# [Brief]
Your output must match the records below character for character.

# [Recorded data]

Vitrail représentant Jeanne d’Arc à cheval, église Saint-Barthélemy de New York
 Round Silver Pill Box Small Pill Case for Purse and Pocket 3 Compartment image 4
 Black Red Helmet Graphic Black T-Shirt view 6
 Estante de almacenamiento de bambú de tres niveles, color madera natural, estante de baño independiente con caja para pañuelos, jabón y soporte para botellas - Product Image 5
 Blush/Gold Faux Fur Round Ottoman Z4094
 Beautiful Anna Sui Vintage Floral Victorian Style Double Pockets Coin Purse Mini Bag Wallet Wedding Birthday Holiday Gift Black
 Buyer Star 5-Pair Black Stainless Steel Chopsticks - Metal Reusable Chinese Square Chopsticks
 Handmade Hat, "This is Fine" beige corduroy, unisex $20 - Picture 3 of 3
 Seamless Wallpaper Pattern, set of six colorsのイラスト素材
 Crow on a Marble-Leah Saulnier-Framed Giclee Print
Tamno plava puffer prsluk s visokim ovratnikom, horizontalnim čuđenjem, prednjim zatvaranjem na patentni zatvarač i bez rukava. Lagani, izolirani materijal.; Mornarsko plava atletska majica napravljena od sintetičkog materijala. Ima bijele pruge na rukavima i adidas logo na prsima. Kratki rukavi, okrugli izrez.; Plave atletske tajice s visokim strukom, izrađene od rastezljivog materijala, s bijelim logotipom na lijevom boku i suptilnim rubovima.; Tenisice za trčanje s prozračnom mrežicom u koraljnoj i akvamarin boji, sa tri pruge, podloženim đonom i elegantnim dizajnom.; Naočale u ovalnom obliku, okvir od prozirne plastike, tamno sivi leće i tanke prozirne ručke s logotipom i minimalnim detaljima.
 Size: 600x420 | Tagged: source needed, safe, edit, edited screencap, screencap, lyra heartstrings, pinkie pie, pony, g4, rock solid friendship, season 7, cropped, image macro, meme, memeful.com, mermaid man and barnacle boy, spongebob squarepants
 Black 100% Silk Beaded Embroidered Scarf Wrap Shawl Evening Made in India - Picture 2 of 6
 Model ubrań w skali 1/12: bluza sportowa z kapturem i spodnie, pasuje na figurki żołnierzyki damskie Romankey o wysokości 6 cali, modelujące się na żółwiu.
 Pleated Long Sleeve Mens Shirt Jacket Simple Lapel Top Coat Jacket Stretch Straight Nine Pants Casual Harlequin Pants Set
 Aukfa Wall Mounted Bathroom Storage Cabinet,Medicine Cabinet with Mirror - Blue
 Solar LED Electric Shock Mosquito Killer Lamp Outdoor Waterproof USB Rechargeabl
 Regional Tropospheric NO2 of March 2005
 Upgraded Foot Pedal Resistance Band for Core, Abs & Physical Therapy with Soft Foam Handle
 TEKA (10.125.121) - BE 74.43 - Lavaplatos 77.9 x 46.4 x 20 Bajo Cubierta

# [Answer section]
Vitrail représentant Jeanne d’Arc à cheval, église Saint-Barthélemy de New York
 Round Silver Pill Box Small Pill Case for Purse and Pocket 3 Compartment image 4
 Black Red Helmet Graphic Black T-Shirt view 6
 Estante de almacenamiento de bambú de tres niveles, color madera natural, estante de baño independiente con caja para pañuelos, jabón y soporte para botellas - Product Image 5
 Blush/Gold Faux Fur Round Ottoman Z4094
 Beautiful Anna Sui Vintage Floral Victorian Style Double Pockets Coin Purse Mini Bag Wallet Wedding Birthday Holiday Gift Black
 Buyer Star 5-Pair Black Stainless Steel Chopsticks - Metal Reusable Chinese Square Chopsticks
 Handmade Hat, "This is Fine" beige corduroy, unisex $20 - Picture 3 of 3
 Seamless Wallpaper Pattern, set of six colorsのイラスト素材
 Crow on a Marble-Leah Saulnier-Framed Giclee Print
Tamno plava puffer prsluk s visokim ovratnikom, horizontalnim čuđenjem, prednjim zatvaranjem na patentni zatvarač i bez rukava. Lagani, izolirani materijal.; Mornarsko plava atletska majica napravljena od sintetičkog materijala. Ima bijele pruge na rukavima i adidas logo na prsima. Kratki rukavi, okrugli izrez.; Plave atletske tajice s visokim strukom, izrađene od rastezljivog materijala, s bijelim logotipom na lijevom boku i suptilnim rubovima.; Tenisice za trčanje s prozračnom mrežicom u koraljnoj i akvamarin boji, sa tri pruge, podloženim đonom i elegantnim dizajnom.; Naočale u ovalnom obliku, okvir od prozirne plastike, tamno sivi leće i tanke prozirne ručke s logotipom i minimalnim detaljima.
 Size: 600x420 | Tagged: source needed, safe, edit, edited screencap, screencap, lyra heartstrings, pinkie pie, pony, g4, rock solid friendship, season 7, cropped, image macro, meme, memeful.com, mermaid man and barnacle boy, spongebob squarepants
 Black 100% Silk Beaded Embroidered Scarf Wrap Shawl Evening Made in India - Picture 2 of 6
 Model ubrań w skali 1/12: bluza sportowa z kapturem i spodnie, pasuje na figurki żołnierzyki damskie Romankey o wysokości 6 cali, modelujące się na żółwiu.
 Pleated Long Sleeve Mens Shirt Jacket Simple Lapel Top Coat Jacket Stretch Straight Nine Pants Casual Harlequin Pants Set
 Aukfa Wall Mounted Bathroom Storage Cabinet,Medicine Cabinet with Mirror - Blue
 Solar LED Electric Shock Mosquito Killer Lamp Outdoor Waterproof USB Rechargeabl
 Regional Tropospheric NO2 of March 2005
 Upgraded Foot Pedal Resistance Band for Core, Abs & Physical Therapy with Soft Foam Handle
 TEKA (10.125.121) - BE 74.43 - Lavaplatos 77.9 x 46.4 x 20 Bajo Cubierta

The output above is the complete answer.